Give back each entry unchanged, minus pictures.

Image-caption web data:
══════════

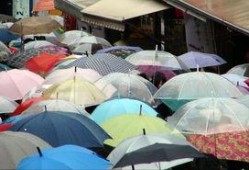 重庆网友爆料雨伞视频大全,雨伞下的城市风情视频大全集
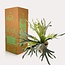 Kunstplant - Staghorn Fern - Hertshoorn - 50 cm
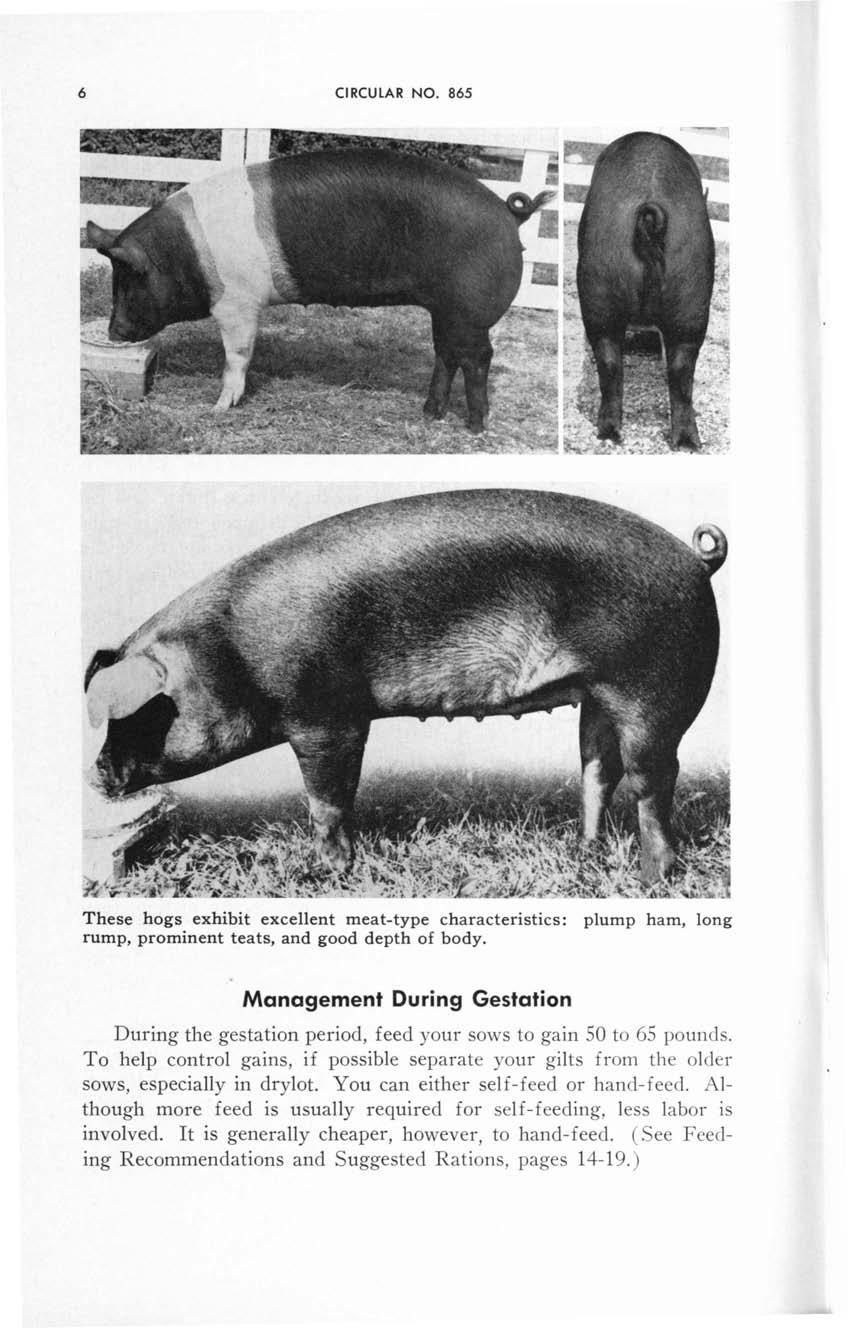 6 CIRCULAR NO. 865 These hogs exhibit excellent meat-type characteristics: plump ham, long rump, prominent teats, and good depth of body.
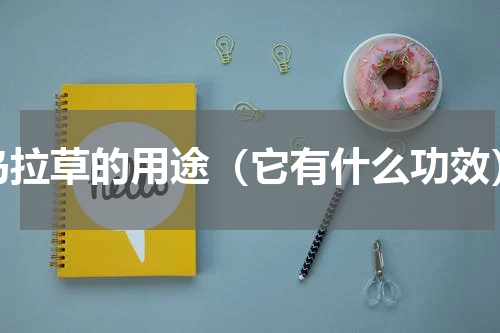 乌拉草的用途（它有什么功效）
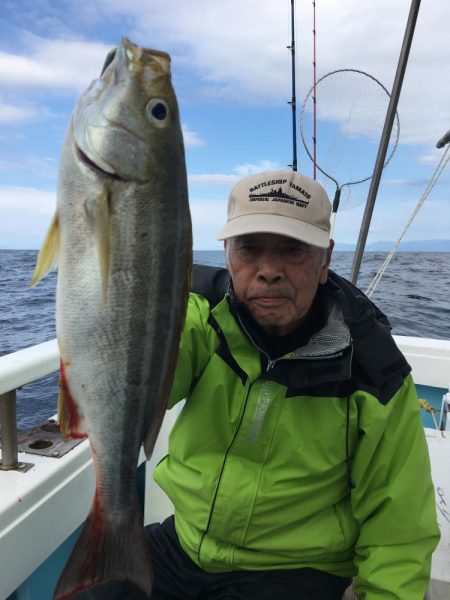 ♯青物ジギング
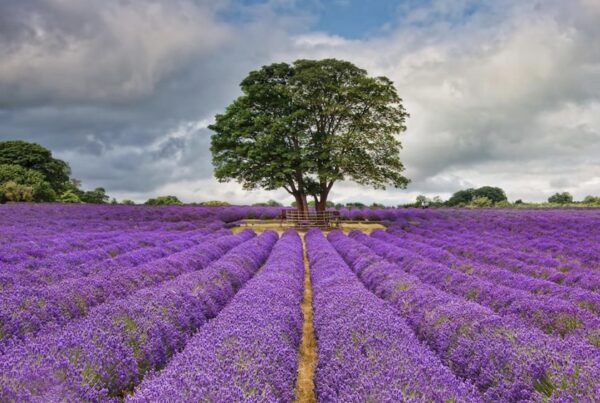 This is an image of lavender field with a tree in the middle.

══════════

TASK RESPONSE:
 重庆网友爆料雨伞视频大全,雨伞下的城市风情视频大全集
 Kunstplant - Staghorn Fern - Hertshoorn - 50 cm
 6 CIRCULAR NO. 865 These hogs exhibit excellent meat-type characteristics: plump ham, long rump, prominent teats, and good depth of body.
 乌拉草的用途（它有什么功效）
 ♯青物ジギング
 This is an image of lavender field with a tree in the middle.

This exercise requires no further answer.